At the time, Hurst was the operator of a successful Sumter dental clinic. Hurst’s offenses included being found with numerous images of graphic child pornography on his personal computers and a computer in his dental office, according to legal papers.

Judge Thomas W. Cooper sentenced Hurst to 10 years in prison but suspended the sentence to five years’ probation provided Hurst met certain conditions. Those conditions included not having any position of authority over children, successfully completing sex offender counseling and having no contact with his male victims.

In 2001, the S.C Board of Dentistry suspended Hurst’s license to practice dentistry for five years. Hurst was allowed to keep ownership of his dental practice, overseeing its management and hiring other dentists.

During that time, Hurst underwent multiple treatments with noted behavioral expert Dr. Gene Abel, who is head of the Behavioral Medicine Institute in Atlanta. That group specializes in the treatment of sexual problems that “have proven responsive to behavioral therapy or behavioral medicine,” according to its promotional literature on the Internet.

In 2006, the Dentistry Board – noting that Abel said Hurst had made substantial progress in his treatment – reinstated Hurst’s dental license with his current restrictions, including not treating children.

In making its decision, the board said it was balancing the need to protect the public with the public’s need for dental services from trained professionals.

In 2010, Abel notified the board that Hurst had successfully completed treatment and was no longer in need of therapy, monitoring or board supervision.

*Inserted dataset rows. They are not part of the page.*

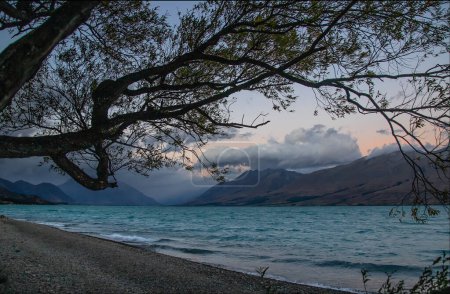 Beau paysage lacustre, montagne et reflet, vue panoramique, lac Ohau, Nouvelle-Zélande, île du Sud. Photo de haute qualité
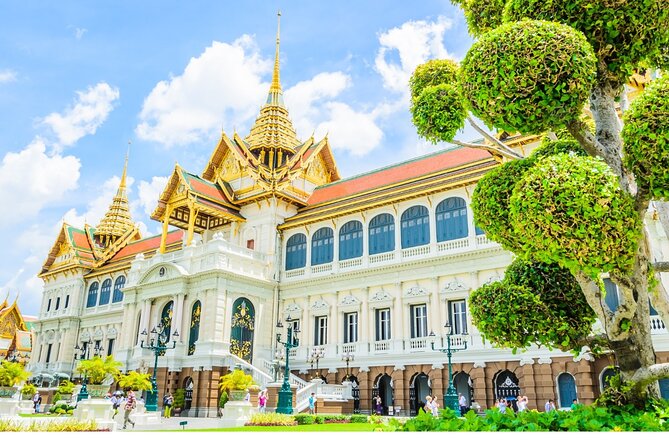 Grand Palace & Temples of Bangkok With Experienced Guide - Cancellation Policy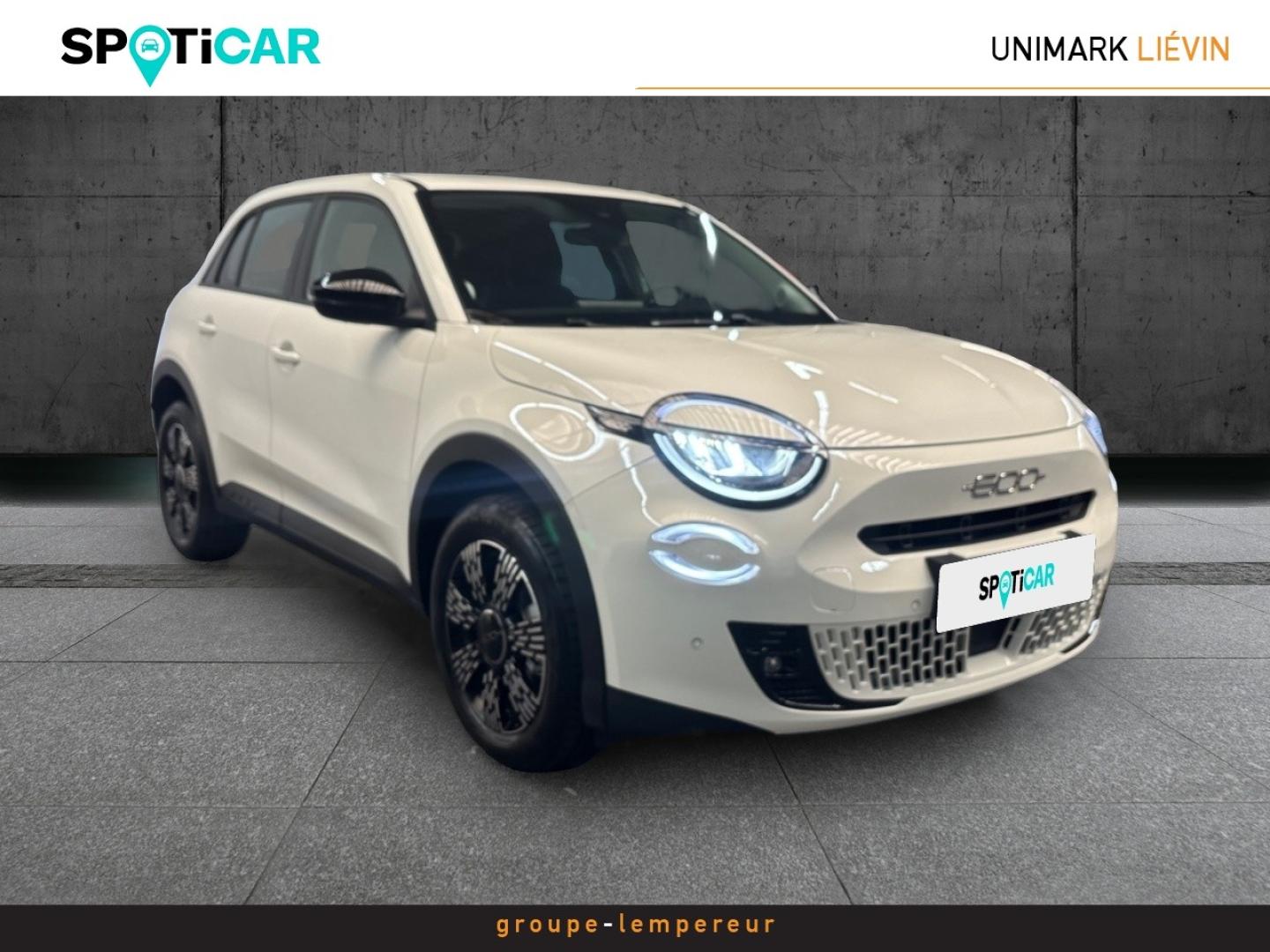 Photo FIAT 600 1.2 Hybrid Turbo 145ch Pop eDCT6 Step 2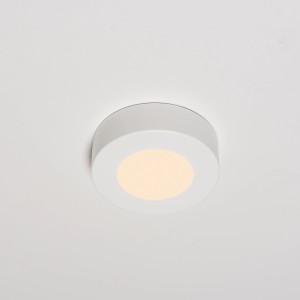 Weißer, runder LED Einbaustrahler, 6W, dimmbar, mit Opalglas montiert an einer Decke.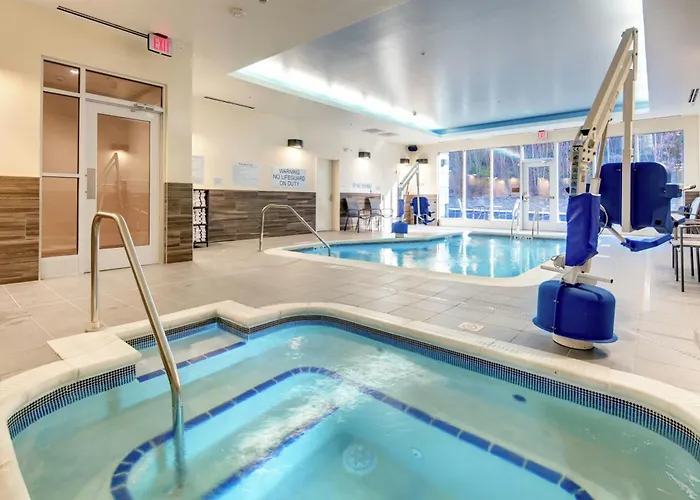 Fairfield Inn & Suites By Marriott Asheville Tunnel Road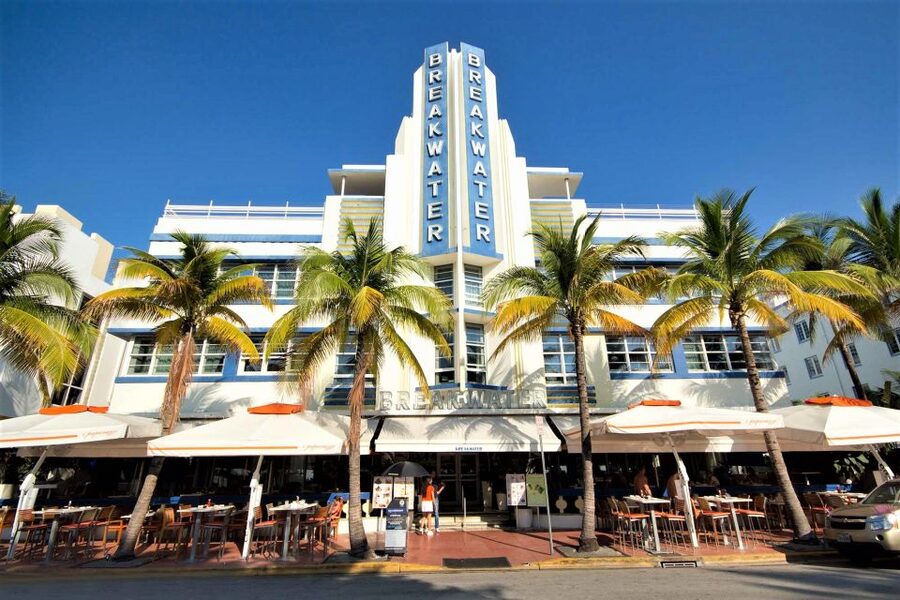 Walking Tour with Cocktails(optional) Miami - Essex House Hotel stop: why interior access is a big deal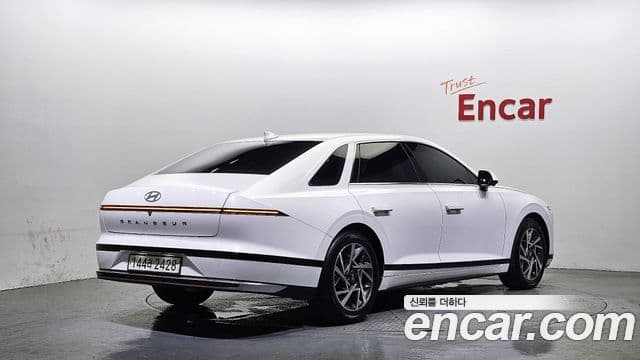 Hyundai Grandeur 2023 — ფოტო 2/20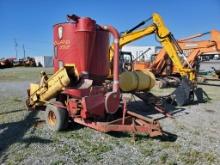 New Holland 352 Grinder Mixer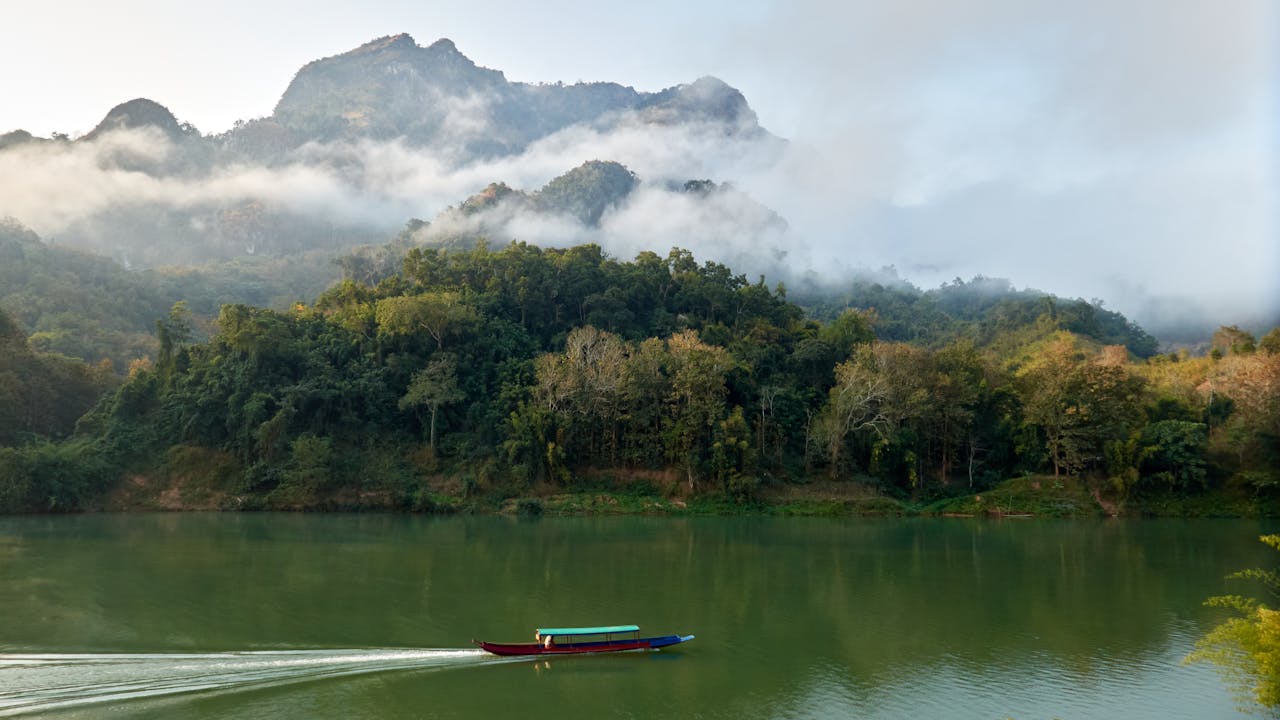 Laos Travel Guide – Hidden Temples, Mekong Life & Mountain Beauty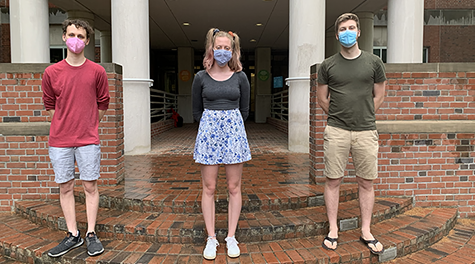 Image of three students from the College of William and Mary in 2021.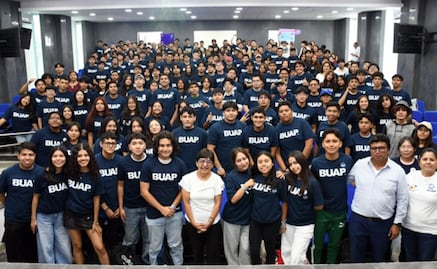 Rectora de la BUAP da la bienvenida a estudiantes de Derecho y Economía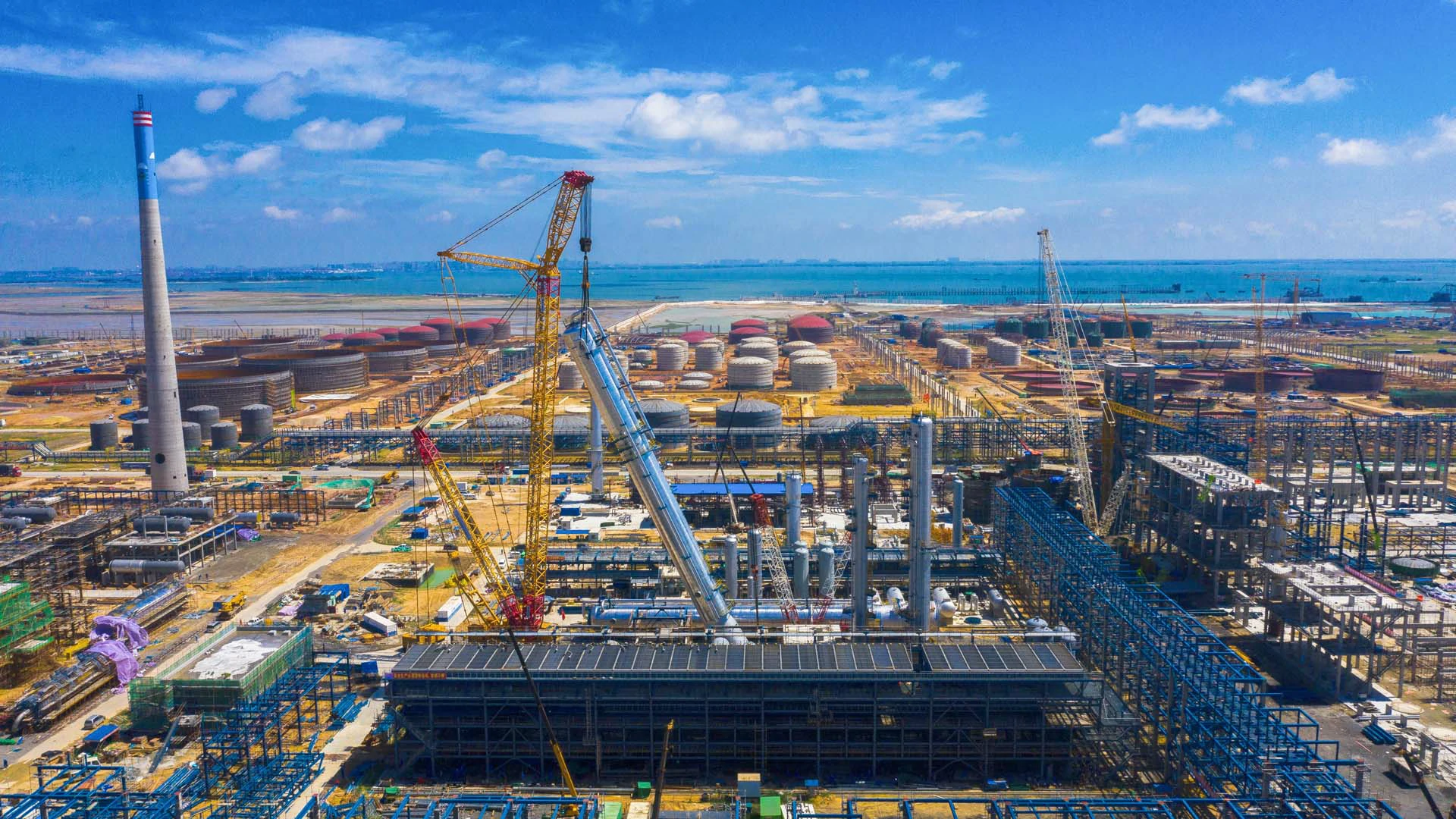 Petrochemical steel structures, pipe racks and equipment support frames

“Based upon my education and training and with reasonable medical and psychiatric certainty, I continue to believe he poses no threat to his patients and that he is no longer in need of continued therapy for his inappropriate sexual behavior with young boys,” Abel wrote the board in a Nov. 4, 2010, letter.

However, the board decided to continue the restrictions.

In February 2011, Hurst appealed the board’s restrictions to the Administration Law Court, a judicial body that handles appeals from regulatory boards.

In August 2011, Administrative Law Judge Deborah Durden upheld the board’s decision. She wrote that the board’s restrictions were “reasonable attempts to protect the public.”

In February, Hurst and his lawyer, Aaron Kozloski of Lexington, appealed Durden’s order to the Court of Appeals. That court has not yet set a date for a hearing.

Also in February, acting on a tip, a Board of Dentistry investigator went to Hurst’s office in Sumter. Investigator Kathy Meadows said she found evidence that Hurst was using a computer in his office and had also prescribed sedatives in violation of the board’s limitations.

Afterward, the Board of Dentistry filed a new motion with the Administrative Law Court, seeking to suspend Hurst’s license temporarily.

But in a hearing Thursday, Hurst’s lawyer Kozloski rebutted the investigator’s evidence, calling the investigator’s findings “thin.” After a 2½-hour hearing, Administrative Law Judge Ralph King Anderson made no ruling but said he would issue a written order at a later date.

In testimony and legal papers, Hurst’s practice in Sumter was described as quite busy. His practice, Wesmark Family Dentistry, employs 13 people, including another dentist who handles patients under 21. The two dentists and hygienists see from 30 to 35 patients daily.

The Dentistry Board is one of 43 state regulatory boards overseen by the S.C. Department of Labor, Licensing and Regulation.

These boards license professionals in fields ranging from architecture to medicine to contracting. They oversee standards and have the power to invoke disciplinary actions including reprimands, suspensions and revocations of licenses.

An LLR spokeswoman Thursday said all its 43 boards handled 16 cases of sexual misconduct in calendar year 2011 but had no breakdown of the statistics as to whether they involved molestation. No breakdown was available on actions taken.